Towing packraft on snow/ice

looking to tow my yak up a frozen river. will be either on foot/snowshoes or skis. flat terrain. any suggestions for a towing system?


Forgive me if I’m missing something, but what’s wrong with a “sled”.

I know that packrafts are extremely robust, but why drag one if you aren’t going to float out afterwards? Perhaps they are lighter than sleds? I don’t know.

I don’t think you’ll find many people on this site who want to drag one without wanting to float it as well, but perhaps I’m wrong…BUT, it’s great you have an Alpacka anyway!!!..

Andrew Allan

Living in Oz, where no river freezes…and they just don’t look like “sleds”, even though I’m in to “lateral thinking”. Please enlighten us all

i understand the confusion… yes a sled might be better, but there is a lake near our destination, not yet frozen over that may require some paddling across


Erin and Hig are the experts on this. Here’s a little bit of information and photos on their website:

They just used a piece of P-cord and a micro biner. Thats as complex as it got.

Yeah, you don’t need to get complicated about hooking up the boat… I like having a little shock-cord in there to damp the jerking. The boats do very well over irregular terrain, and usually don’t overturn. They are of course a pain if you’re traversing a steep slope, or through brush. It’s always great when you’re skiing a traverse above bushes and the raft tangles, yanking you backwards onto your ass… I don’t know if we ever got this maneuver on video, but you can probably imagine it.

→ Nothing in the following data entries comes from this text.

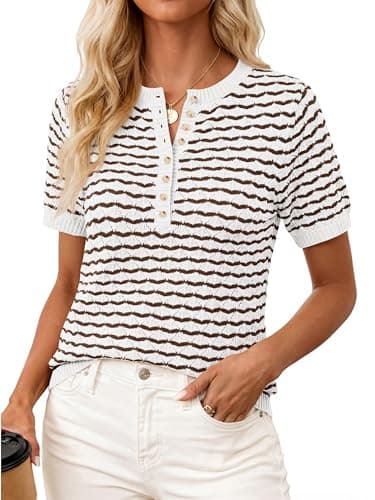 PRETTYGARDEN Womens Knit Summer Tops Button Short Sleeve Sweater Casual Crewneck Chevron Henley Shirts Dressy Work Blouses(Brown White,Large) - Image 1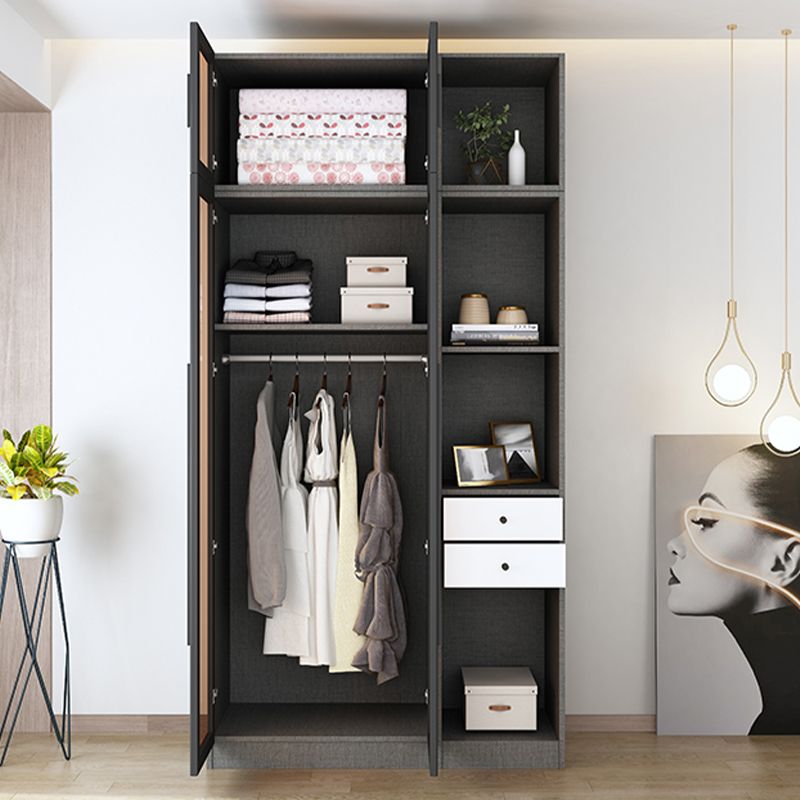 Contemporary Style Wardrobe Gray Wood Wardrobe Closet with Shelves
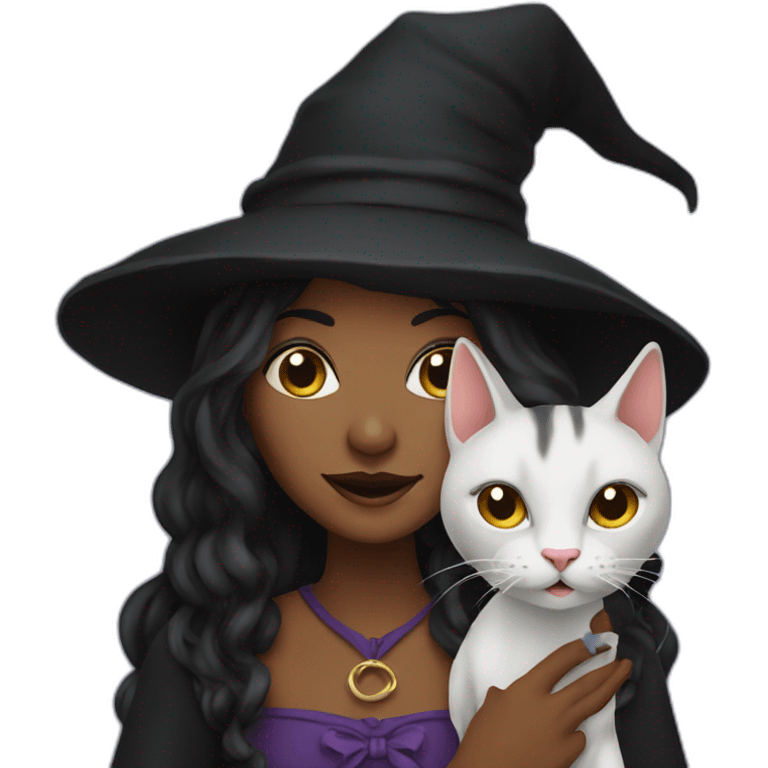 Witch with cat emoji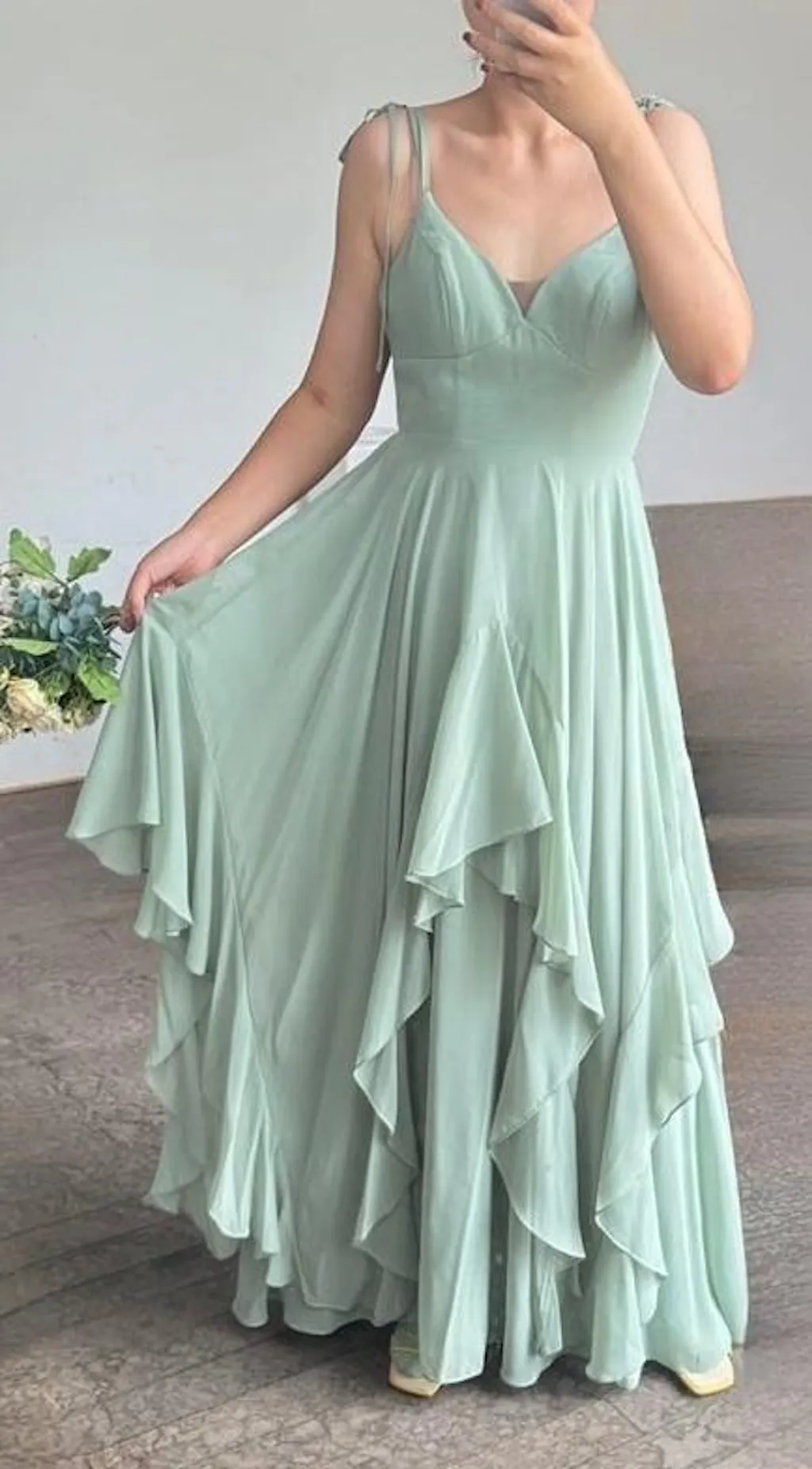 Matcha A-line V-Neck Spaghetti Straps Long Chiffon Junior Bridesmaid Dress main image 1
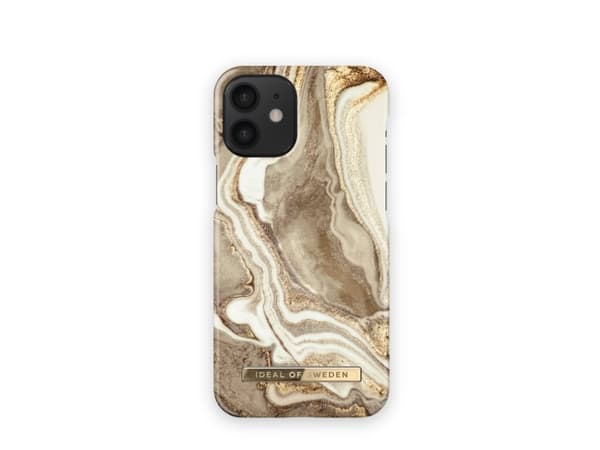IDEAL OF SWEDEN Fashion Case - Baksidesskydd för mobiltelefon - plast - gyllene sandfärgad marmor, präglad, guldtonad logotyp - för Apple iPhone 12 m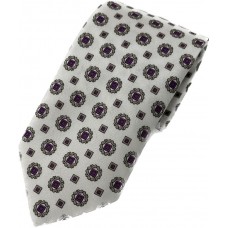 White Cotton Tie - Purple motives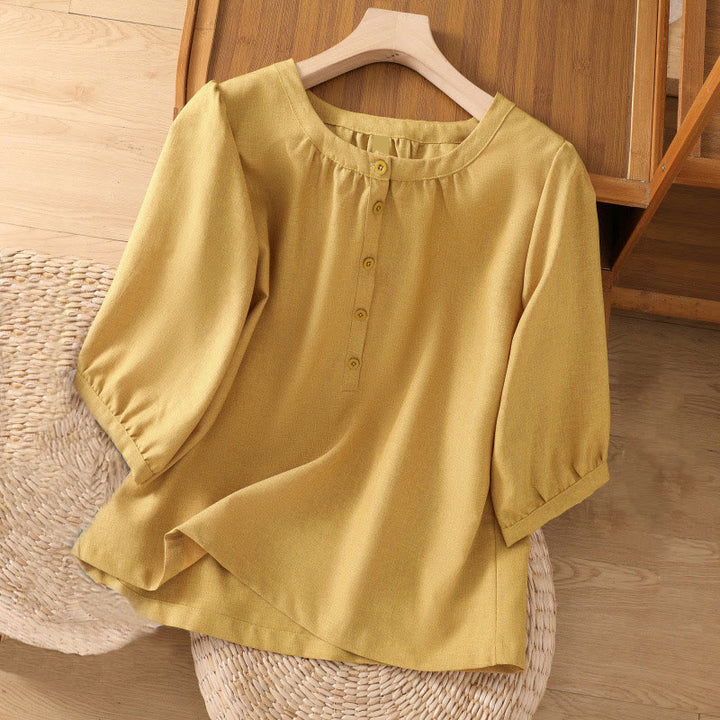 Koszula damska z bawełny i lnu z rękawami trzy czwarte, z okrągłym dekoltem i prostymi guzikami Buddha Stones - Khaki - US14, UK/AU18, EU46 (2XL) - image 7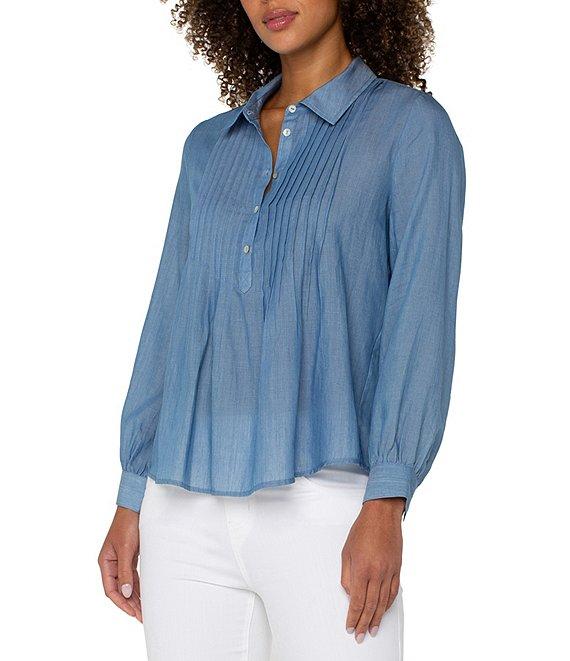 Liverpool Los Angeles Petite Size Woven Point Collar Long Sleeve Pintuck Detail Blouse Product Image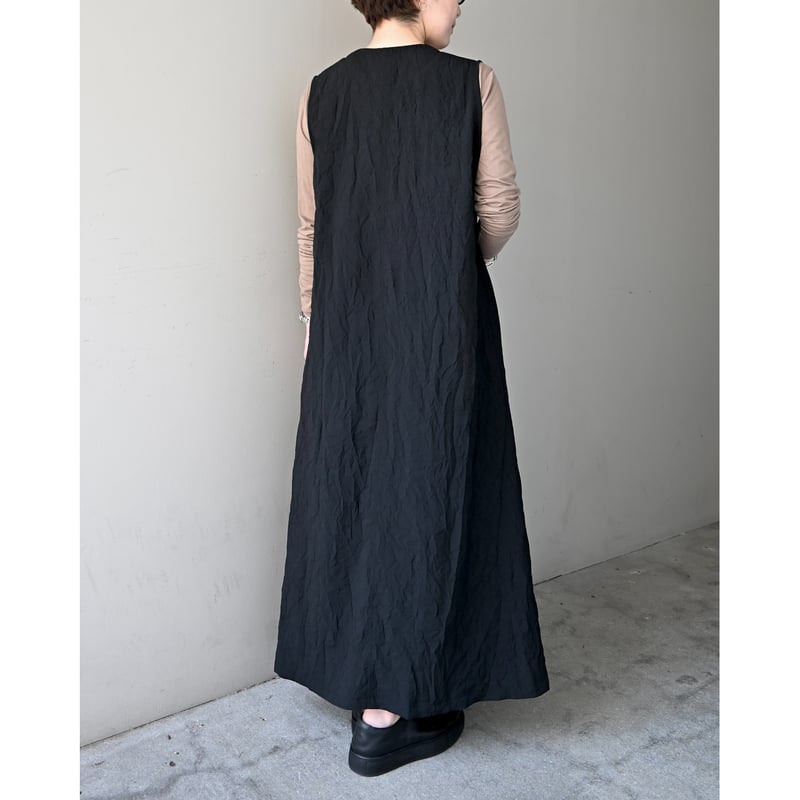 Honnete Sleeveless V Wide Dress / Vネックワンピース - B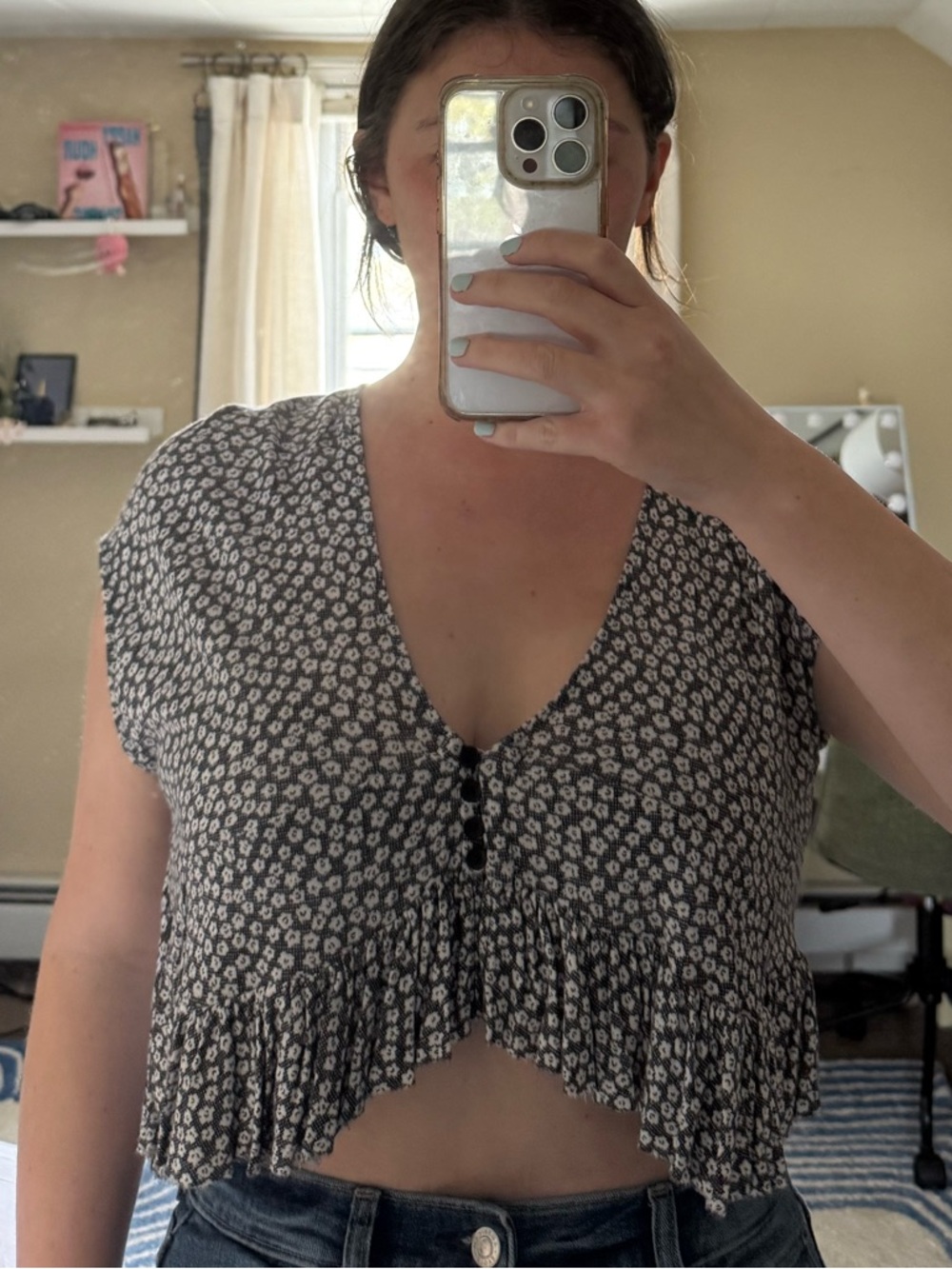 Urban Outfitters Black and White Ditsy Floral Ruffle Crop Top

We found that if there’s some soft snow, or smooth ice, the boat doesn’t show much wear from dragging. We’d typically pull 15-25 lbs. in the sled, and put the rest in our packs. Occasionally dragging the boat through brush or across a few rocks isn’t that big a deal (no more so than running into rocks while rafting.)

Alpackas also do fine breaking through thin ice.

On sharp ice (say, windblown rain on snow followed by a hard freeze), the boats do show wear. After pulling about 30 lbs. over 20 miles of icy snow like this, we had to patch several dime-sized holes through the bottom. Aquaseal worked well, but it’s tricky to get it to cure in sub-freezing conditions.